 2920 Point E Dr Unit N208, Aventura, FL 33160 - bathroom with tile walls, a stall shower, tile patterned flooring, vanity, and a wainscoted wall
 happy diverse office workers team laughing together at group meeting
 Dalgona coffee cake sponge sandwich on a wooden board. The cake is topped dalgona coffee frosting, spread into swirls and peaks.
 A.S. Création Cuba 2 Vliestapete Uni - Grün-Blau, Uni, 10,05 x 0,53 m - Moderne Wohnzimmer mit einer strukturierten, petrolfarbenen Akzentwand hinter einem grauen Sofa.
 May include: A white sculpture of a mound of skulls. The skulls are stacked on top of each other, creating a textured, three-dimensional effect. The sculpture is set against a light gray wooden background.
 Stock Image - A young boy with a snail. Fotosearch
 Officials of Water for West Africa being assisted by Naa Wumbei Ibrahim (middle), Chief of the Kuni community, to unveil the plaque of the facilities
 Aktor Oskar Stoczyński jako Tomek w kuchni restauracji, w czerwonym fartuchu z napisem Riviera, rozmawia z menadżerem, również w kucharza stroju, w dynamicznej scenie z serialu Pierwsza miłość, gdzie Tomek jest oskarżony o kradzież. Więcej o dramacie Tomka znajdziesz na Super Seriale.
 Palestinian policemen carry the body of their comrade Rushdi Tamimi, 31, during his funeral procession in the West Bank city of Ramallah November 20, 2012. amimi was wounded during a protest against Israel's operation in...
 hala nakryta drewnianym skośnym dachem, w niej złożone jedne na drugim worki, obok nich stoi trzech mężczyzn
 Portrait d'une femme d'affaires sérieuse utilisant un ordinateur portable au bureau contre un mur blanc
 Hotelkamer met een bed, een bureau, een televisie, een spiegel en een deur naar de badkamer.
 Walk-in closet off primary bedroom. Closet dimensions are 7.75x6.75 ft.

◆ **Work instructions**:
If a line in the data above holds the string "wooden", copy it.

◆ **Result of this task**:
 Dalgona coffee cake sponge sandwich on a wooden board. The cake is topped dalgona coffee frosting, spread into swirls and peaks.
 May include: A white sculpture of a mound of skulls. The skulls are stacked on top of each other, creating a textured, three-dimensional effect. The sculpture is set against a light gray wooden background.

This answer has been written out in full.